On Wed, Mar 27, 2013 at 04:16:48PM -0700, Hugh Dickins wrote:
> On Wed, 27 Mar 2013, Dan Magenheimer wrote:
> > > From: Hugh Dickins [mailto:hughd@google.com]
> > > Subject: Re: [RFC] mm: remove swapcache page early
> > > 
> > > On Wed, 27 Mar 2013, Minchan Kim wrote:
> > > 
> > > > Swap subsystem does lazy swap slot free with expecting the page
> > > > would be swapped out again so we can't avoid unnecessary write.
> > >                              so we can avoid unnecessary write.
> > > >
> > > > But the problem in in-memory swap is that it consumes memory space
> > > > until vm_swap_full(ie, used half of all of swap device) condition
> > > > meet.
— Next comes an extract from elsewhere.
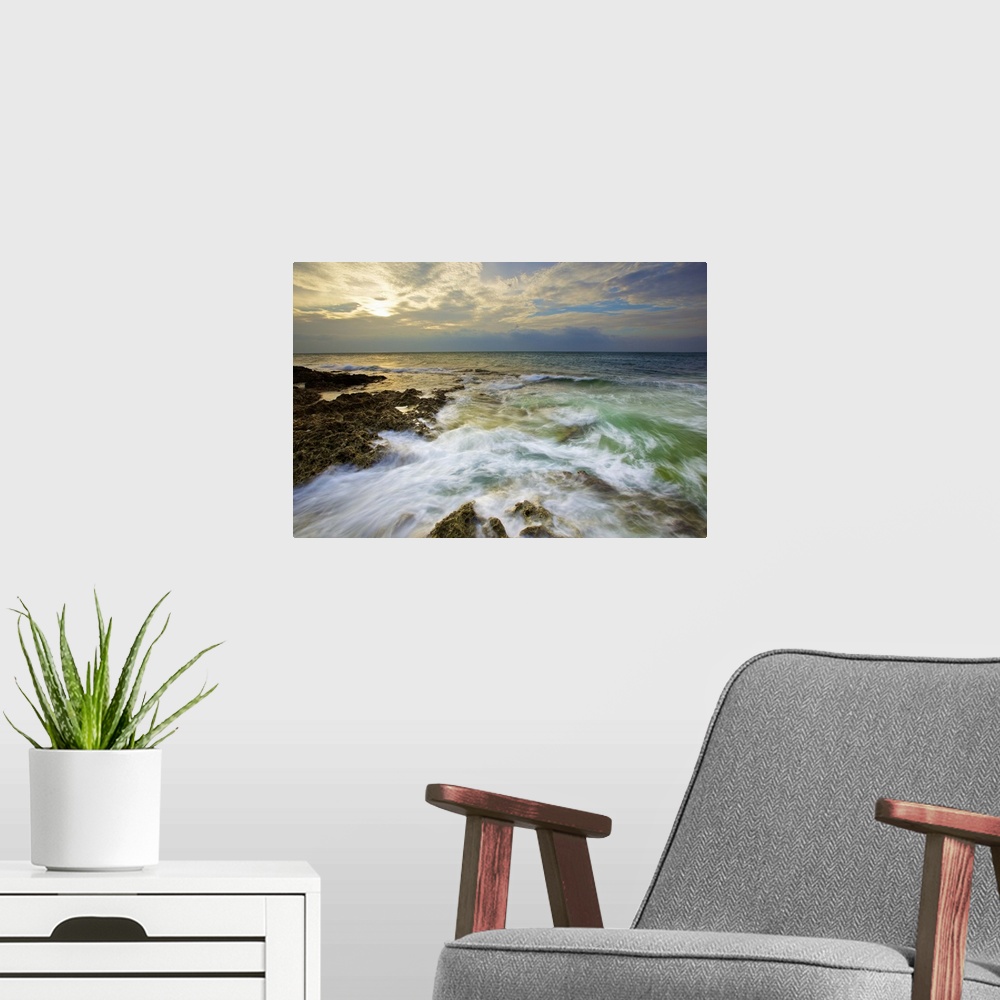 A modern room featuring Rushing waves on coral reefs in Howan, Pingtung, after shower with setting sun shiny behind clouds.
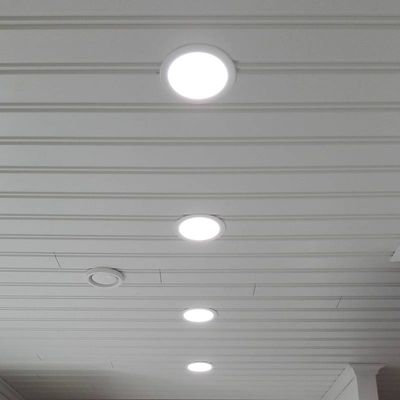 Quattro plafoniere LED da incasso illuminano una stanza rivestita di bianco. I pannelli LED rotondi illuminano con un ampio fascio di luce.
It could be bad if we use multiple swap device, small in-memory swap
> > > > and big storage swap or in-memory swap alone.
> > > 
> > > That is a very good realization: it's surprising that none of us
> > > thought of it before - no disrespect to you, well done, thank you.
> > 
> > Yes, my compliments also Minchan.  This problem has been thought of before
> > but this patch is the first to identify a possible solution.
> >  
> > > And I guess swap readahead is utterly unhelpful in this case too.
> > 
> > Yes... as is any "swap writeahead".  Excuse my ignorance, but I
> > think this is not done in the swap subsystem but instead the kernel
> > assumes write-coalescing will be done in the block I/O subsystem,
> > which means swap writeahead would affect zram but not zcache/zswap
> > (since frontswap subverts the block I/O subsystem).
> 
> I don't know what swap writeahead is; but write coalescing, yes.
> I don't see any problem with it in this context.
> 
> > 
> > However I think a swap-readahead solution would be helpful to
> > zram as well as zcache/zswap.
> 
> Whereas swap readahead on zmem is uncompressing zmem to pagecache
> which may never be needed, and may take a circuit of the inactive
> LRU before it gets reclaimed (if it turns out not to be needed,
> at least it will remain clean and be easily reclaimed).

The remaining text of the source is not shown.